Zero-sum networks extract their most productive nodes. If you are creating real value, a zero-sum network will find ways to capture it — through attention extraction, credential gatekeeping, or simply copying your output faster than you can build moat.
Positive-sum networks protect their most productive nodes. Each participant's success makes the next participant's success more likely. The math is structural:
| Principle | Evidence | Source | Implication |
|---|
| Network effects compound | Value scales at n² (possibly n³ for networks with sub-communities and group coordination) | Metcalfe's Law | Every new participant adds more value than the last — incentive to join accelerates |
| Cooperation wins in repeated interactions | Tit-for-Tat won both tournament rounds without beating any single opponent head-to-head | Robert Axelrod, repeated-game tournaments | Cooperators pull each other up while defectors drag each other down |
| The tipping point is ~25% | When a committed minority reaches 25%, the convention tips abruptly — not gradually | Damon Centola, Science (2018) | We do not need everyone. We need enough |
| Cooperative structures outlast extractive ones | 80% five-year survival vs 41% traditional; top 300 cooperatives generate $2.79T annually | USDA; World Cooperative Monitor | The structural advantage is nearly double — a proven model operating at planetary scale |
Network effects compound. If network value scales even at n-squared (Metcalfe's Law), every new participant adds more value than the last. Recent research suggests the relationship may be closer to n-cubed for networks with sub-communities and group coordination. The incentive to join accelerates. The incentive to defect shrinks.

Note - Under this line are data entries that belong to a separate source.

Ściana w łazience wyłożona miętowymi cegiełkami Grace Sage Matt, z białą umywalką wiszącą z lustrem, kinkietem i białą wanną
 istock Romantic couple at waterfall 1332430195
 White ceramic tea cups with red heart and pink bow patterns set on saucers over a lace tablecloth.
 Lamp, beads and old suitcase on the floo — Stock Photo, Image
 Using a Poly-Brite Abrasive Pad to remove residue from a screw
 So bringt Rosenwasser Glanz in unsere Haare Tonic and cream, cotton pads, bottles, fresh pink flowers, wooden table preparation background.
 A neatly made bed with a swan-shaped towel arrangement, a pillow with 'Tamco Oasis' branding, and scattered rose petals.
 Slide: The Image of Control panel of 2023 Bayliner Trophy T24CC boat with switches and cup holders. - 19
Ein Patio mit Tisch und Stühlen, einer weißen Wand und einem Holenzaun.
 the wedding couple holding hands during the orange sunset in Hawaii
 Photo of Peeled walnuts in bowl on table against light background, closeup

Cooperation wins in repeated interactions. Robert Axelrod's tournaments proved it. Tit-for-Tat — cooperate first, then mirror — won both rounds. It never beat a single opponent in a head-to-head match. It won the tournament because cooperators pull each other up while defectors drag each other down.
The tipping point is 25%. Damon Centola's research found that when a committed minority reaches approximately 25%, the convention tips — not gradually, but abruptly. Below that threshold, the minority is visible but dismissible. Above it, the new norm becomes the default.
Cooperative structures outlast extractive ones. Cooperatives survive at 80% over five years versus 41% for traditional businesses. Employee-owned companies outperform the S&P 500. The world's 300 largest cooperatives generate $2.79 trillion in combined annual turnover.
The transition from zero-sum to positive-sum is itself positive-sum. Each adoption makes the next one easier. We are documenting this shift — and building the structures that accelerate it.